DATA SUPPLIED ->

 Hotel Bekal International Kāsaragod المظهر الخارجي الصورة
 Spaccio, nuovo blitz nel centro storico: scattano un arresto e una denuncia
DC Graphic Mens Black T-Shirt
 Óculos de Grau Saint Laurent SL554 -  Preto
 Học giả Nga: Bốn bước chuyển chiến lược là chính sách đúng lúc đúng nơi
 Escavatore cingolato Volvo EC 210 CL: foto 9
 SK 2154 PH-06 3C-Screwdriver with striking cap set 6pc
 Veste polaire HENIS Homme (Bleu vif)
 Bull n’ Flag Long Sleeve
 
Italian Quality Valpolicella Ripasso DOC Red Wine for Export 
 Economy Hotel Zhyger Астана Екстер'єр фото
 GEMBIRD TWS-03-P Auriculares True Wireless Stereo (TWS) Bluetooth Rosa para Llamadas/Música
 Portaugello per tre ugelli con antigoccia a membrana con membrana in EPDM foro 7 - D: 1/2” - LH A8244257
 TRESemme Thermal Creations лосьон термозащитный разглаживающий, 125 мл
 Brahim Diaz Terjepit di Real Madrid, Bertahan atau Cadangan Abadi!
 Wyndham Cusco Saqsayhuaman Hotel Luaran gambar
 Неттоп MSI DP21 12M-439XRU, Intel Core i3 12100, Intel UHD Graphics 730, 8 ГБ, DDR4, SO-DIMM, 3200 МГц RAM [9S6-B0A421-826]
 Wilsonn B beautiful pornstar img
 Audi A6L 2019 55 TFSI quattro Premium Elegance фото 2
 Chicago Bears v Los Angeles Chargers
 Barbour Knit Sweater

TASK BRIEF -> Write out, word for word, the line containing "Audi A6L 2019" and every line after it to the end of the data above.

RESULT BELOW ->
 Audi A6L 2019 55 TFSI quattro Premium Elegance фото 2
 Chicago Bears v Los Angeles Chargers
 Barbour Knit Sweater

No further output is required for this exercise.